Rogue Community College (RCC) violin student T.J. Snyder, a 2022 graduate of Grants Pass High School, shared top honors with Ashland High School student bassoonist James Dyson at the recent concerto competition of the Youth Symphony of Southern Oregon (YSSO).
Snyder earned his win amongst the five finalists at the Jan. 31 competition by skillfully performing the first movement of Violin Concerto in E Minor Op. 64 by Felix Mendelssohn, accompanied by pianist Anna Christina Streletz, a member of the RCC Chamber Music Ensemble.
Demonstrating fine bassoon playing abilities, Dyson joined the winners circle following his performance of Mozart’s Bassoon Concerto in B-flat Major, accompanied on piano by Southern Oregon University (SOU) piano professor, Dr.

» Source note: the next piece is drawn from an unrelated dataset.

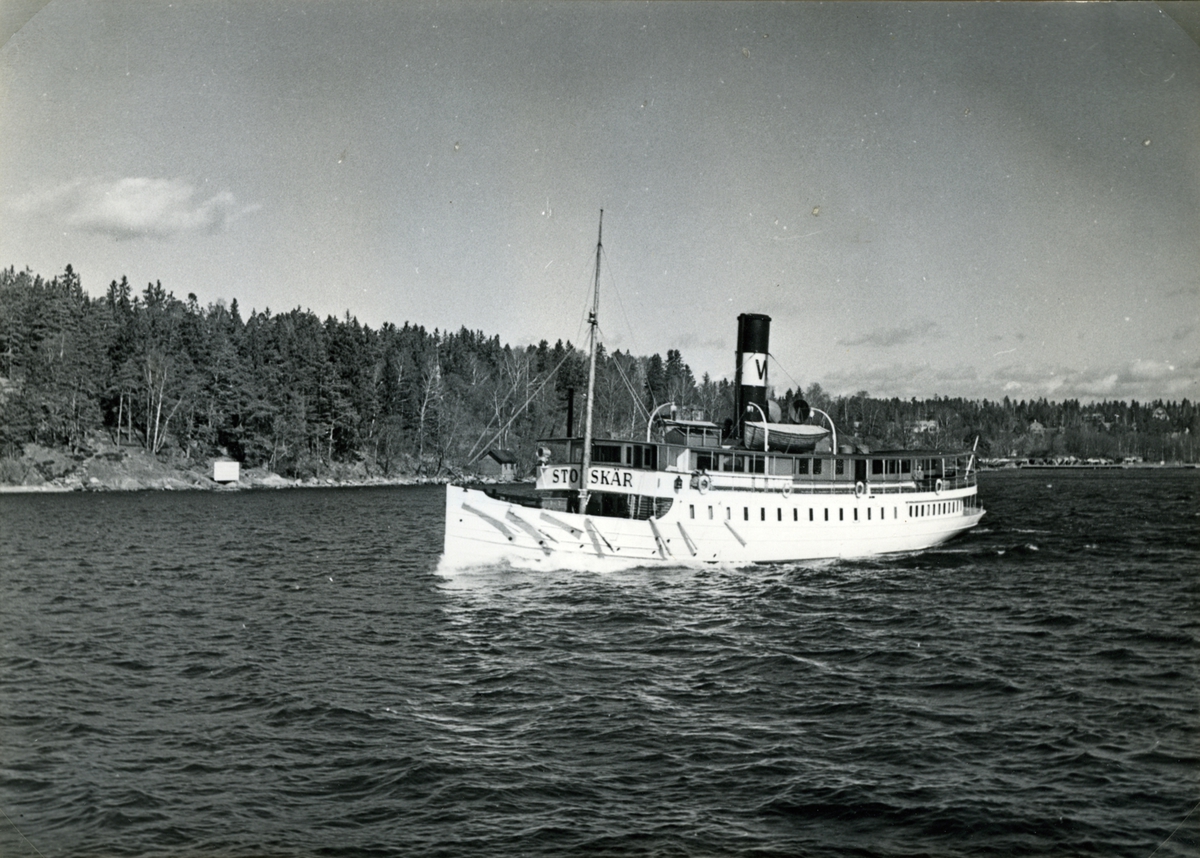 Skärgårdsbåten STORSKÄR passerar genom Halvkakssundet på ingående till Stockholm. I bakgrunden Lidingö-Brevik.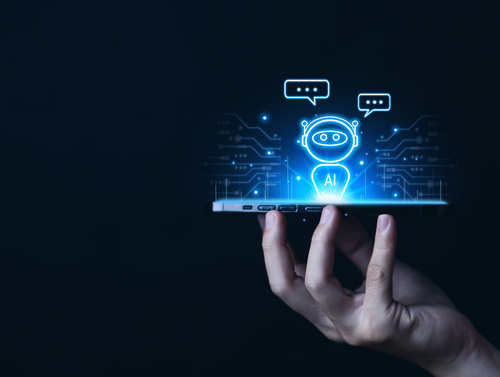 Einführung_KI | © AdobeStock.VRVIRUS KI-Roboter auf Hand. | © AdobeStock.VRVIRUS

Alexander Tutunov.
As a reward for taking top honors, Snyder and Dyson both receive the opportunity to perform their concerto movements with the YSSO during the ensemble’s upcoming spring and fall concerts.
Snyder will perform his winning concerto with the YSSO during the Spring Concert Series’ two performances, May 20 at SOU’s Oregon Center for the Arts Music Recital Hall in Ashland, and May 21 at the Craterian Theater in Medford.

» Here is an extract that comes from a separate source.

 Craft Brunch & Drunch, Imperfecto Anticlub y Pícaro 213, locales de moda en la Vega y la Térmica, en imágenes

Dyson will perform his winning concerto with the YSSO during the Fall Concert Series – dates and locations to be announced by YSSO later this year.
Snyder entered RCC last fall to continue studying music and has been active as the lead violinist in the RCC Chamber Music Ensemble and as the co-concert master of the YSSO. He plans to complete his associate degree at RCC and transfer to the University of Oregon to pursue a bachelor’s degree in violin performance.

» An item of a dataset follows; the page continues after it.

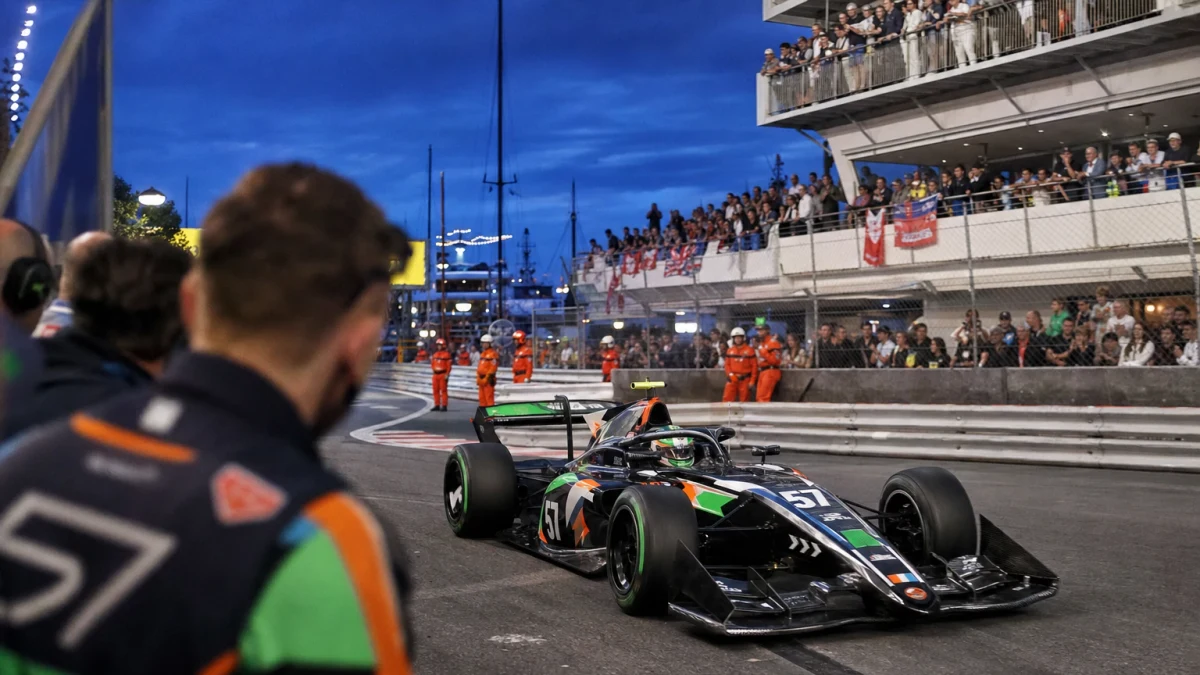Formel 1-bil på väg genom en smal gata i Monte Carlo under Monacos Grand Prix.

“I am incredibly honored,” said Snyder about his win. “I feel that I have made a major step forward in my violin playing, as measured by such. I have played violin for eight years and first desired to so I could play the antique violin in possession of my family; that is now the violin on which I play. My plan is to play violin professionally.”
Dyson, still a junior in high school, hopes to continue playing music throughout his life but isn’t sure he will major in music while in college since both math and science hold his interest as well. “I am honored to have been selected as a winner, and I can’t wait to perform next fall,” said Dyson. “I’ve always wanted to perform in front of an orchestra!”
Founded in 1988, the YSSO nonprofit organization offers training and performance opportunities to young instrumental musicians and presents high-quality performances of symphonic and orchestral music to Southern Oregon audiences.
Cynthia Hutton serves as the YSSO music director and conductor. Young musicians are encouraged to audition for membership, and scholarship opportunities are readily available allowing students to participate who might otherwise face financial barriers.